Personal anthology: F. Scott Fitzgerald
In honor of everyone heading off for Thanksgiving, one of my favorite bits from The Great Gatsby:
One of my most vivid memories is of coming back West from prep
school and later from college at Christmas time. Those who went
farther than Chicago would gather in the old dim Union Station
at six o’clock of a December evening, with a few Chicago friends,
already caught up into their own holiday gayeties, to bid them
a hasty good-by. I remember the fur coats of the girls returning
from Miss This-or-That’s and the chatter of frozen breath and
the hands waving overhead as we caught sight of old acquaintances,
and the matching of invitations: "Are you going to the Ordways’?

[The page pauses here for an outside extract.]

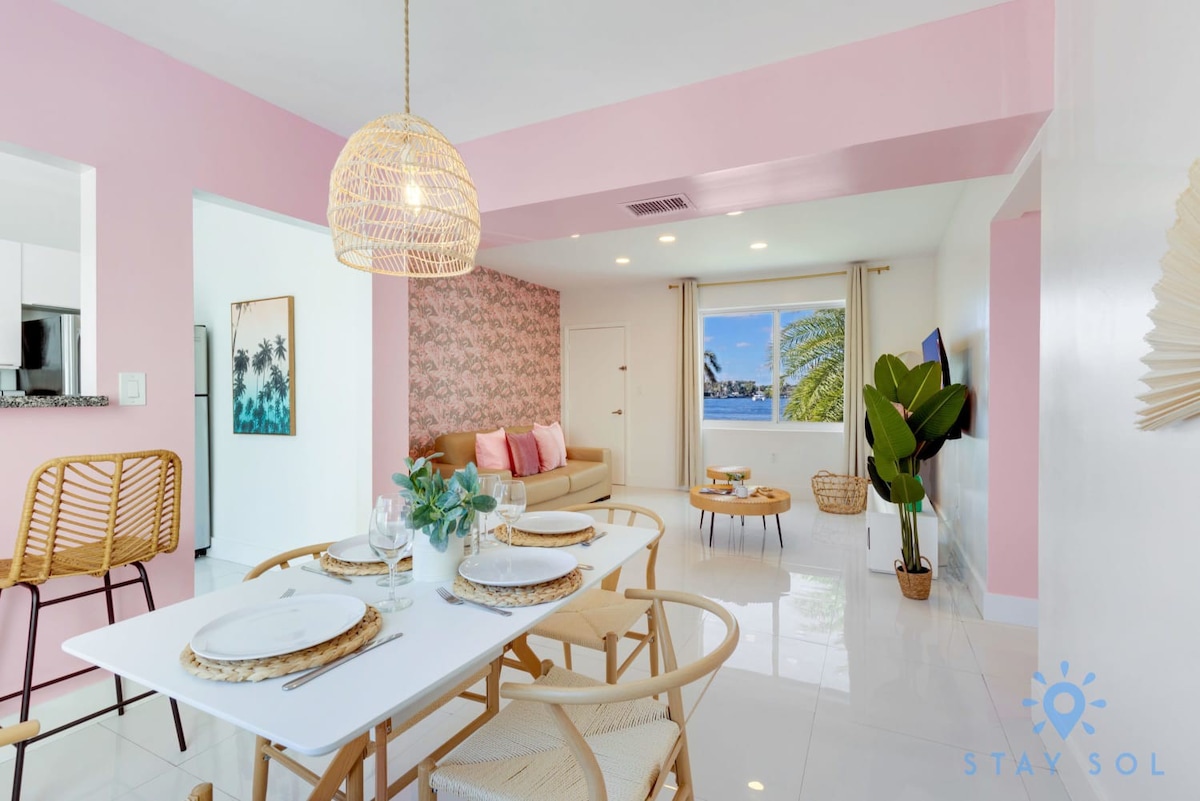 Free Parking apt + Bayview + Pool + Step To Beach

the Herseys’? the Schultzes’?" and the long green tickets
clasped tight in our gloved hands. And last the murky yellow cars
of the Chicago, Milwaukee & St. Paul railroad looking cheerful
as Christmas itself on the tracks beside the gate.When we pulled out into the winter night and the real snow, our
snow, began to stretch out beside us and twinkle against the windows,
and the dim lights of small Wisconsin stations moved by, a sharp
wild brace came suddenly into the air. We drew in deep breaths
of it as we walked back from dinner through the cold vestibules,
unutterably aware of our identity with this country for one strange
hour, before we melted indistinguishably into it again.— F. Scott Fitzgerald, The Great Gatsby (text found at the University of Minnesota)
The Great Gatsby is now so popular that several narrators have produced audio books of this fine work. This should help the students, especially those with reading difficulties.